Preprocessing the Natural Questions dataset for RAG training
Now that you have a knowledge base in Milvus, the next step is to prepare the training dataset for fine-tuning. We will use Google's Natural Questions dataset, which is derived from Wikipedia. This dataset offers both short and long answers for each question, but we only need the short answers. First, we'll filter the dataset to include only questions with short answers.
Next, because our knowledge base uses only 5% of the Wikipedia dataset, you must confirm that the knowledge base can answer the questions in your preprocessed dataset. To do this, perform an intersection check between the training dataset and the knowledge base using the is_question_answerable() function. This function retrieves relevant passages and validates whether the retrieved context contains the expected answer. This small-scale fine-tuning example uses 3,000 training samples and 300 evaluation samples.
Understanding the dual tokenization strategy
The following code demonstrates how to tokenize the question and answer:
# Tokenize question (uses facebook dpr encoder model)
tokenized_question = question_encoder_tokenizer(
question_text,
truncation=True,
max_length=32,
padding="max_length",
)
# Tokenize answer (uses facebook bart model)
tokenized_answer_for_labels = generator_tokenizer(
text_target=answer_text,
truncation=True,
max_length=32,
padding="max_length",
)RAG preprocessing requires you to handle the dual tokenization requirements inherent to the RAG architecture. Unlike traditional language models that use a single tokenizer, RAG models use a dual-encoder approach. This separates retrieval and generation tasks, and each requires specialized tokenization:
- Question tokenization (DPR question encoder): We use facebook/dpr-question_encoder-single-nq-base to tokenize questions because it's optimized for retrieval tasks. This encoder was trained with contrastive learning to create embeddings that excel at finding semantically similar passages in the knowledge base. The tokenization strategy helps the model distinguish between relevant and irrelevant documents during similarity search.
- Answer tokenization (generator model): For answers, we use the generator tokenizer facebook/bart-large because it's designed for sequence-to-sequence text generation. This tokenizer structures tokens to produce coherent responses and handles the formatting required for generative tasks.
After you preprocess and save the dataset, run a validation check to verify that the dataset questions and answers are tokenized and structured correctly.
Fine-tuning the RAG model
This cell implements the core training pipeline where we create and fine-tune a complete RAG model using RagSequenceForGeneration with the custom FeastRAGRetriever. This is the main part of the implementation, where you optimize the retrieval and generation components together.

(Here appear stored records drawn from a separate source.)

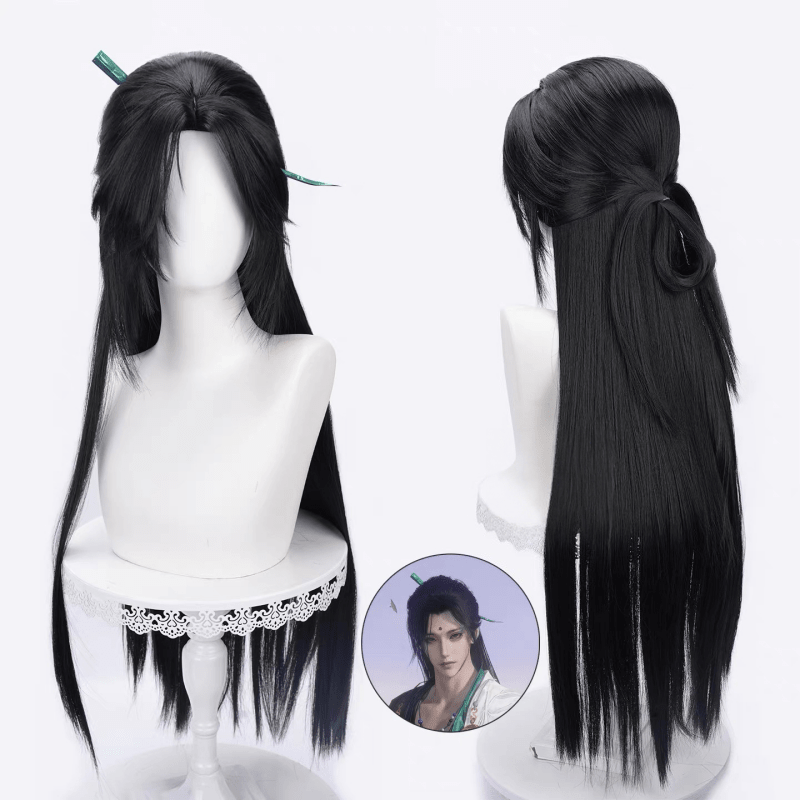 L - email Wig Where Winds Meet Jade Current Black 80cm Cosplay Wig - lemailwigs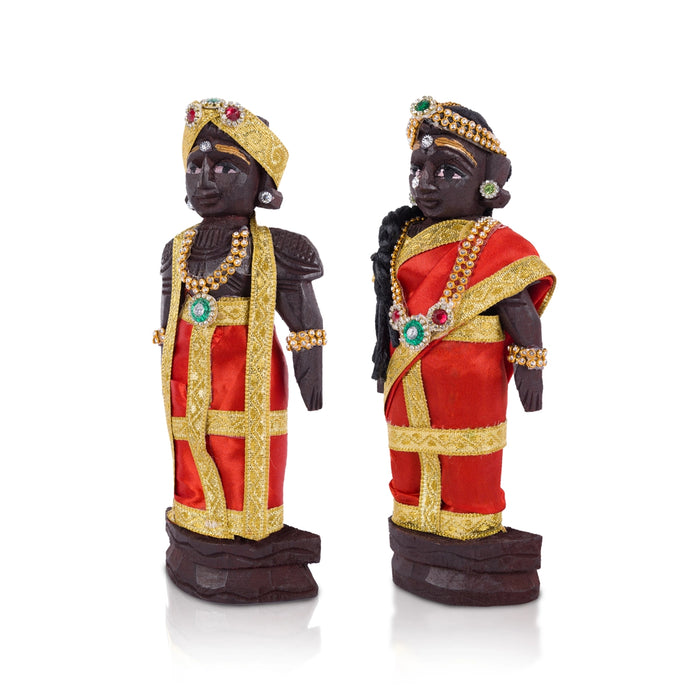 Marapachi Bommai Pair - 7 X 2.5 Inches | Wooden Statue/ Kolu Bommai/ Decorated Marapachi Doll For Golu Display - Marapachi Bommai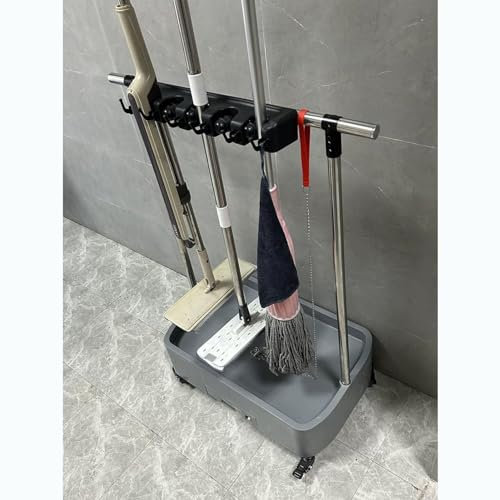 colgador escobas y fregonas Portamopas Escoba Organizador De Artículos De Limpieza, Heavy Duty Comercial Estante Para Escobas Rodante Carro De Herramientas Para El Hogar, Para Guarderías Armario Cocin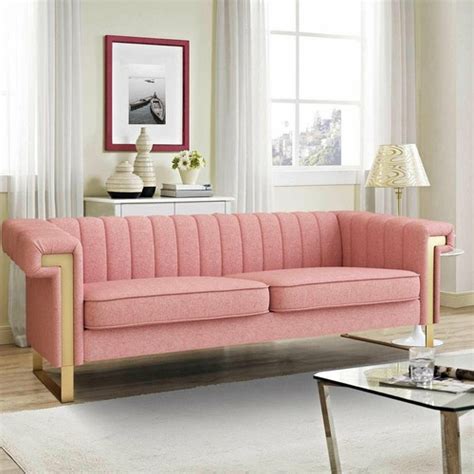 Unbranded 84 Channel Tufted Modern Tuxedo Sofa Blush India | Ubuy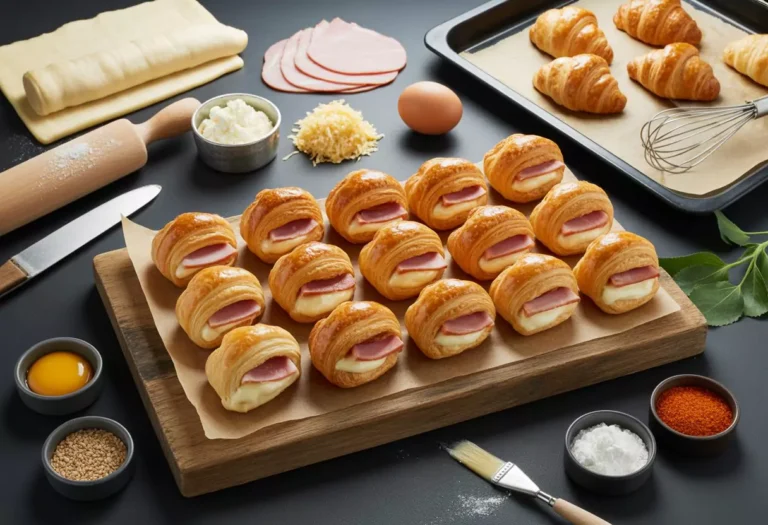 Mini Croissants au Jambon Fromage Crème Fraîche : La Recette Apéritif Irrésistible Qui Fait Sensation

Integration with Custom FeastRAGRetriever
The training integrates the custom retriever:
# Initialize custom RAG retriever for training
rag_retriever = FeastRAGRetriever(
question_encoder_tokenizer=question_encoder_tokenizer,
generator_tokenizer=generator_tokenizer,
question_encoder=question_encoder_model,
generator_model=generator_model,
feast_repo_path="/mnt/shared/kfto-sft-feast-rag/feature_repo",
feature_view=wiki_passage_feature_view,
features=features_to_retrieve,
search_type="vector",
config=rag_config,
index=feast_index,
)Training integration: During training, the RAG model calls the retriever for each question. The retriever queries Feast and Milvus to get relevant passages. The generator uses these passages to produce answers, and gradients flow back through both components.
Dynamic retrieval: Unlike static approaches, this enables the question encoder to learn better query representations based on what actually helps the generator produce correct answers.
This joint training approach creates a RAG system where retrieval and generation are optimized together, which performs better than independently trained components.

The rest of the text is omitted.